Tescilli bir DELİ der ki: Bazılarının davranışlarına bakarak ‘öküz’ diyorlar. Hâlbuki öküz, bir hayvandır! Bazıları öküz olamaz.
Meczup bir DELİ der ki: Öyle insanlar vardır ki, onlar bazılarının gözünde ‘canlı mevta’, yani ‘yaşayan ölü’ hükmündedirler…
Unutkan DELİ der ki: Hani demem o ki; eli kalem tutanlar, bilgi ve belge sahibi olanlar, muhakkak bunları tarihe not düşmelidirler.
Anormal bir DELİ der ki: Sadece 'muhalefet etmek için muhalefet' bile bir meziyettir! Yabana atmamak gerek! Tıpkı 'Sanat için sanat' gibi...
Bir zırzır DELİ der ki: İnsanımız geçmişteki bazı vakalara keşke takılıp da oradan günümüze gelse, yani takıntılarından vazgeçse ne iyi olur!
Bir zır DELİ der ki; Öyle zaman olur ki, hiç kimseyi görmek istemezsin; bazen de seni hiç kimse görmek istemez… Ne yaparsın, çark böyle…
Her şeye muhalif bir DELİ der ki: Muhalefet etmeye alışanlar hiç bir iyiyi göremezler. Onların gördüklerim hep muhalif edilecek şeylerdir!

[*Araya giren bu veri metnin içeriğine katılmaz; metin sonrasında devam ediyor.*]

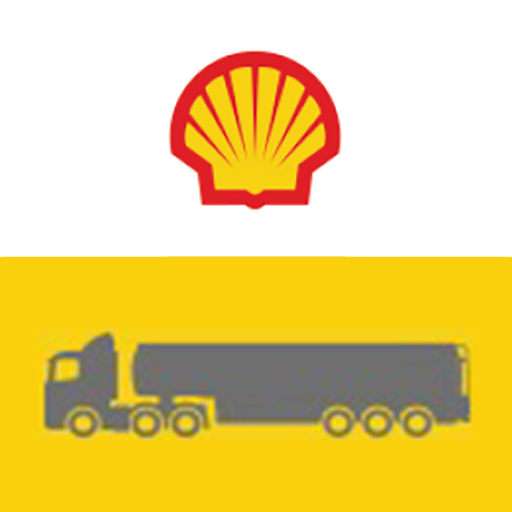 Shell Delivery Partner logo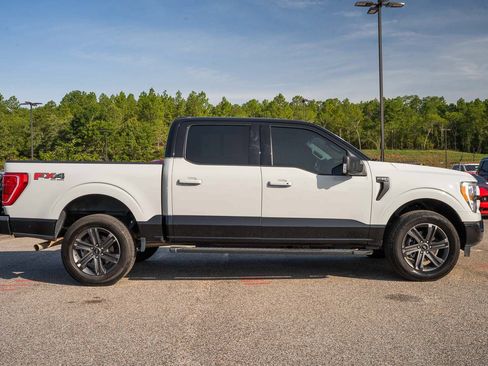 Certified 2023 Ford F150 XLT w/ Equipment Group 302A High AWD/4WD image 8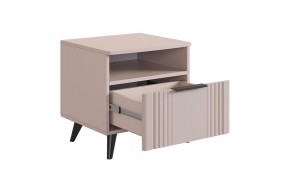 КАТРИН Спальный Гарнитур (модульный) в Новом Уренгое - novyy-urengoy.ok-mebel.com | фото 5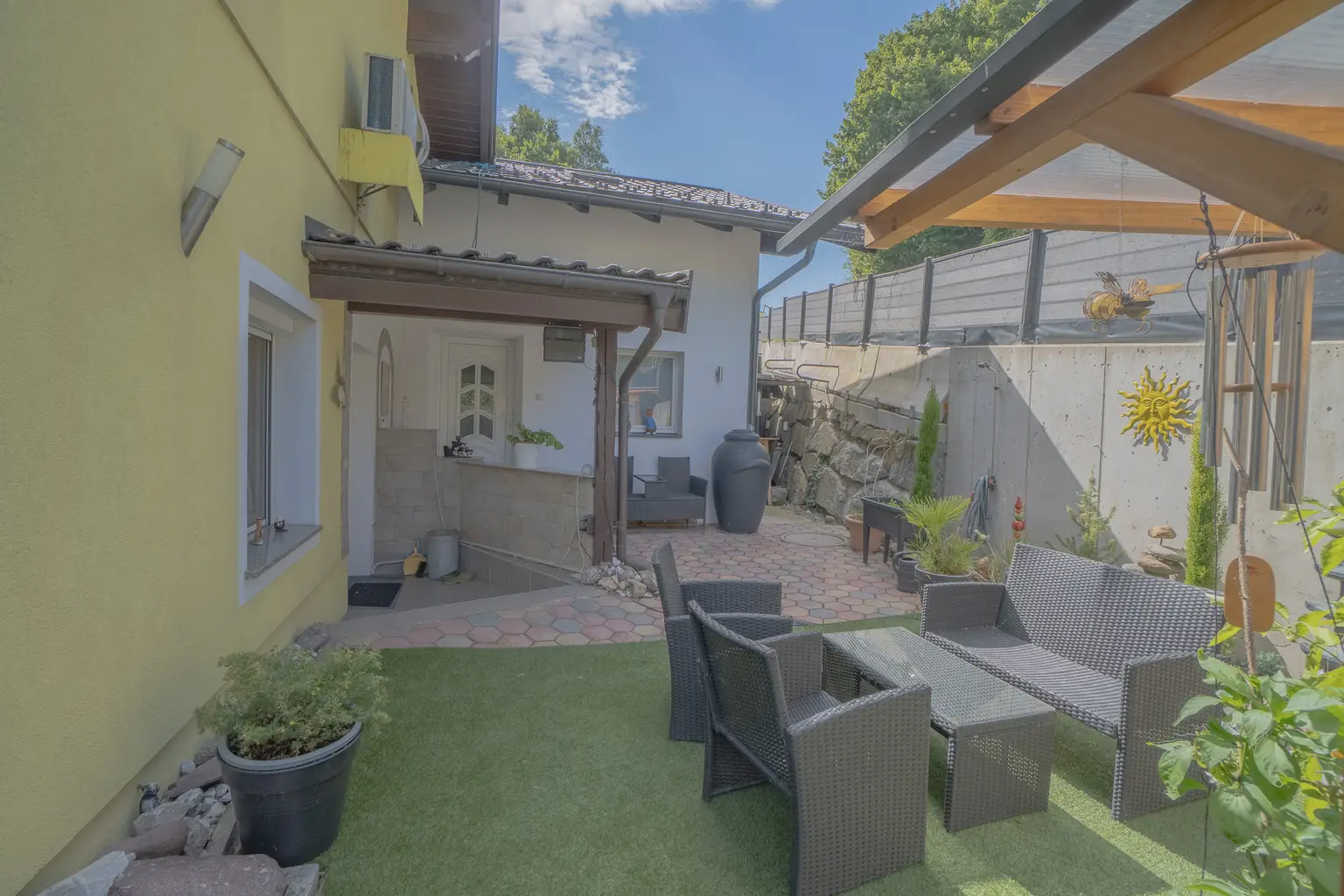 Attraktives Zuhause in Baumkirchen – Ideal für Familien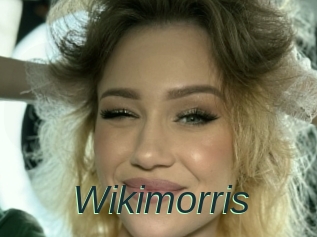 Wikimorris
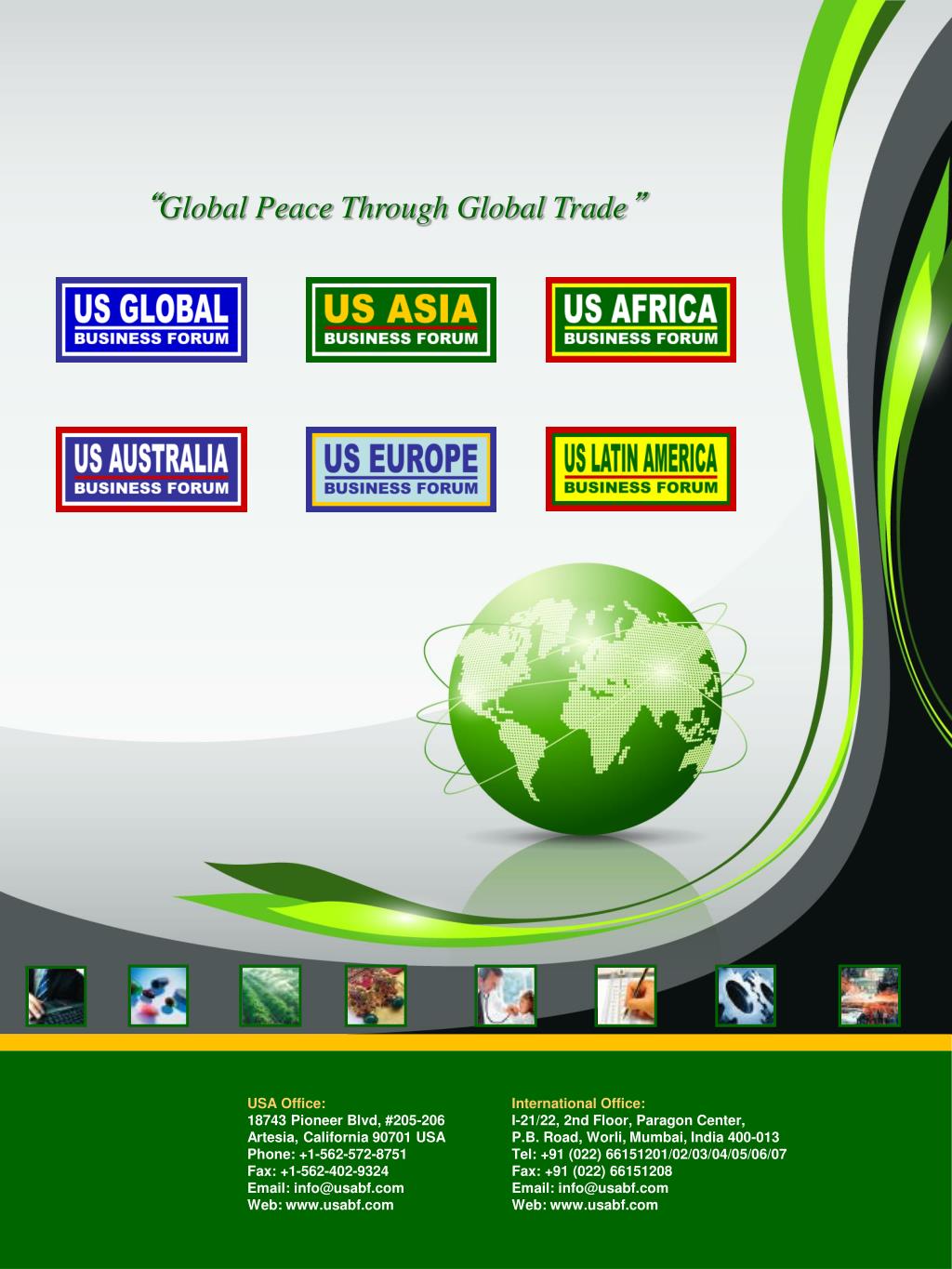 PPT - GLOBAL TRADE EXPO 2012 PowerPoint Presentation, free ...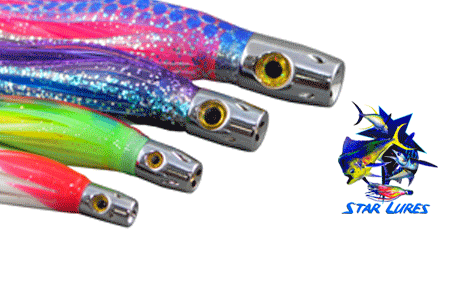 Star Lures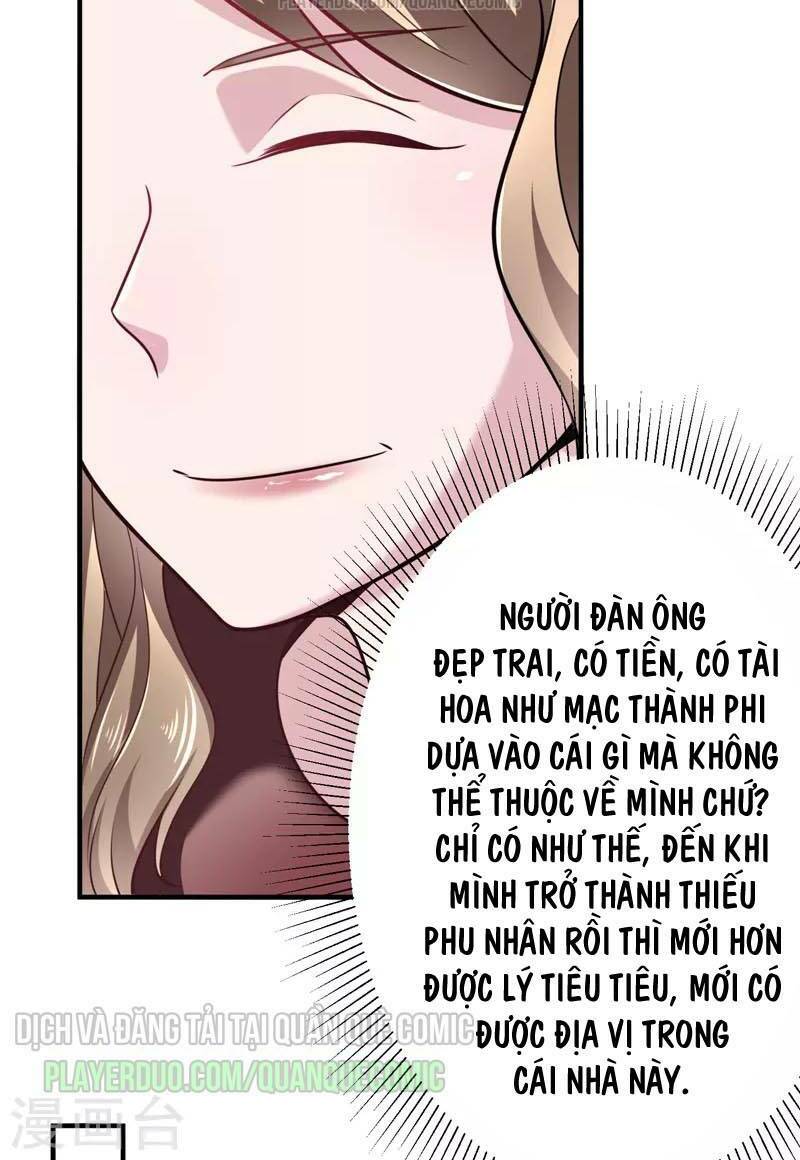 tuyệt phẩm cường thiếu chapter 7 2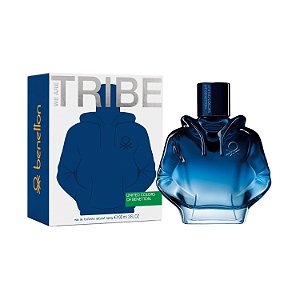 Benetton We Are Tribe EDT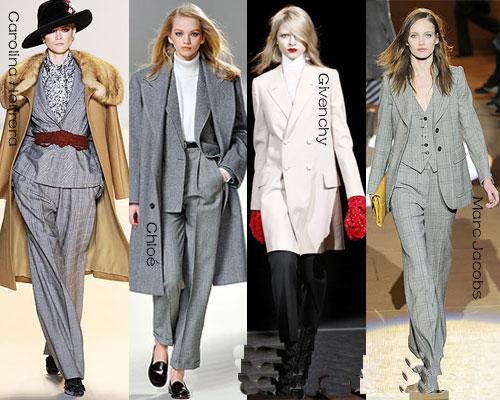 2010 autumn and winter classics reappear (Figure 4) 2010秋冬ç»å…¸é‡çް(图4)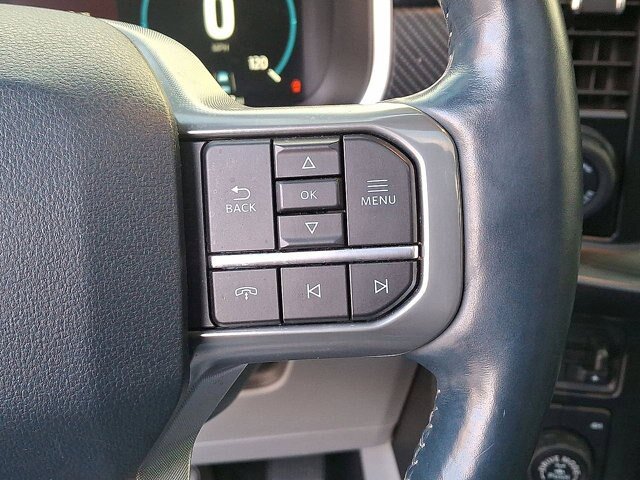 Certified 2023 Ford F150 Limited AWD/4WD image 18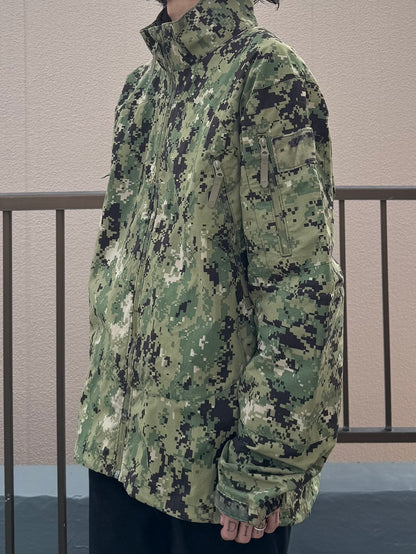 00's PATAGONIA「MARS GORE-TEX」ナイロンジャケット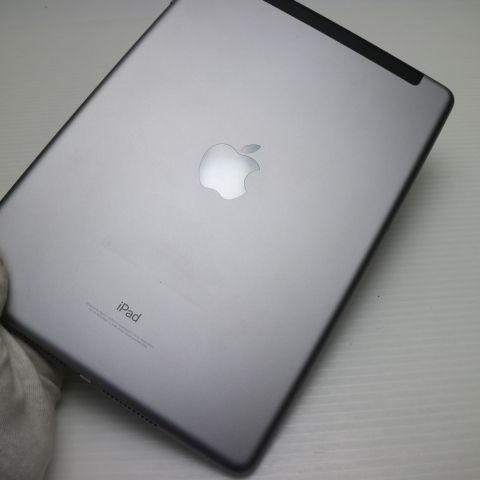 Ķ SIMե꡼ iPad 6 32GB ڡ쥤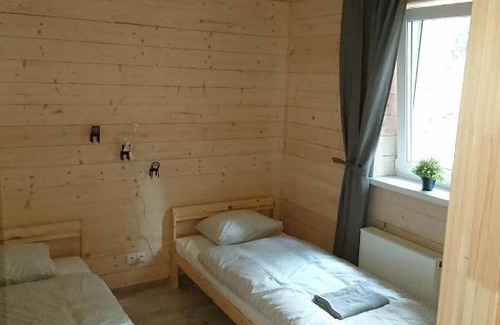 Alytus county House | Mizarai Mill House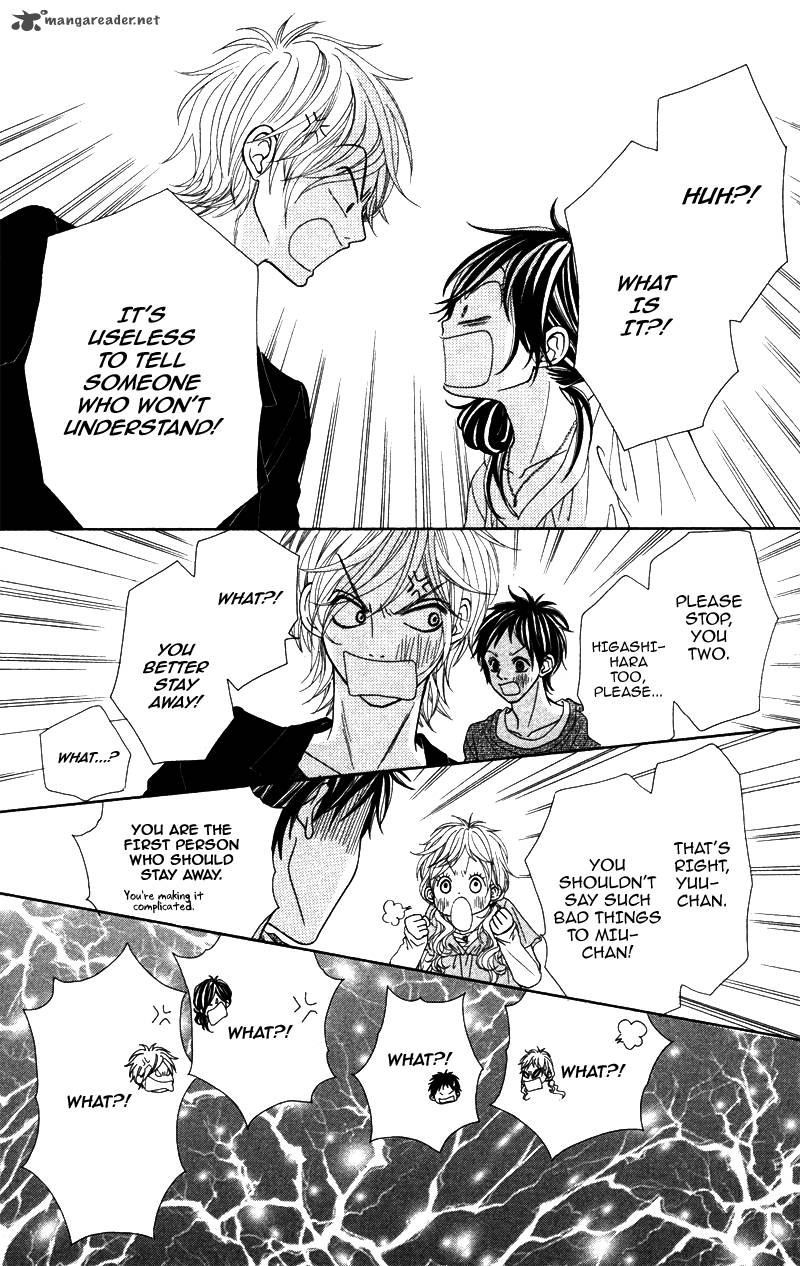Kimi No Tonari De Seishunchuu 8 36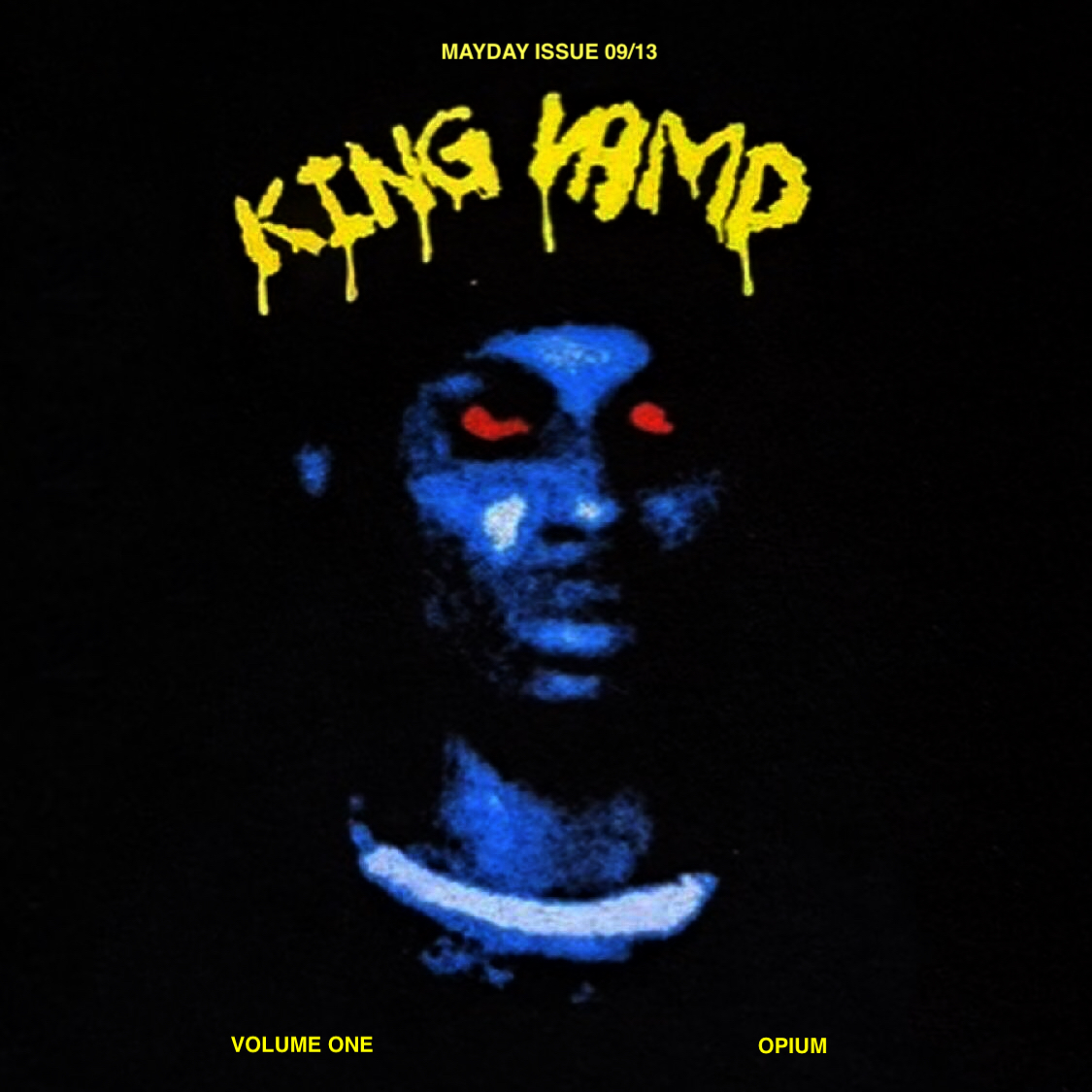 King Vamp - Narcissist Tour by Playboi Carti (Bootleg, Trap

Kafadan kontak bir DELİ der ki: Hani demem o ki; Kanunen, CARİ HUKUK açısından veya mevzuata UYGUN olan bir İŞ veya EYLEM, ahlâka AYKIRI olabilir...
Belgeli bir DELİ der ki: Siz hiç BAŞSIZ ADAM gördünüz mü? Görmediyseniz etrafınıza tekrar daha dikkatli bir şekilde bakın... Görürsünüz UCUBE başsız başsız adamlar…
Gördüğü her kuyuya taş atan bir DELİ der ki; Siyasette ortamın dışına çıkanlar oldukça tutarlı yorumlar ve tespitler yapıyorlar, ama içeride kalanlar çok zaman 'bakar kör' oluyorlar...
Dava DELİ’si der ki; Etrafımızda ve içimizde olup biten her şeye muhalif olmalıyız. Yoksa yaşayamayız, ölürüz ve belki de gebeririz... Varsa yoksa her şeye, kendimize bile, muhalefet etmeliyiz. Varlık sebebimizi inkâr etmek nankörlüktür!
Menfaat DELİ’si der ki: Dirilerden umutlarını kesen bazı mütekait politikacılar, yapacak iş bulamayıp boş kalınca, Türk tarihi’ndeki büyüklerin hangilerini ‘daha dindar’ hangilerinin ‘daha az dindar’ olduklarını araştırmaya başlamışlar. İnşallah bu arayışlar kendilerine hayır getirir…
Dünyanın DELİ’si der ki: Bugün kafam bozuk: tüm köylüler tüm uçakları doldurmuşlar. Benim gibi aristokrat ve bürokratlar uçaklarda yer bulamıyorlar... Olur mu böyle, olur mu? Hükümet hemen istifa etmeli... Hem de hemen. Böyle bir rezalet olmaz! Köylü ‘milletin efendisidir’ dediysek, uçakları doldursunlar da demedik ki…
Âhhh, ah…
Bu deliler olmasa var ya… Bu dünya yaşanmaz olurdu.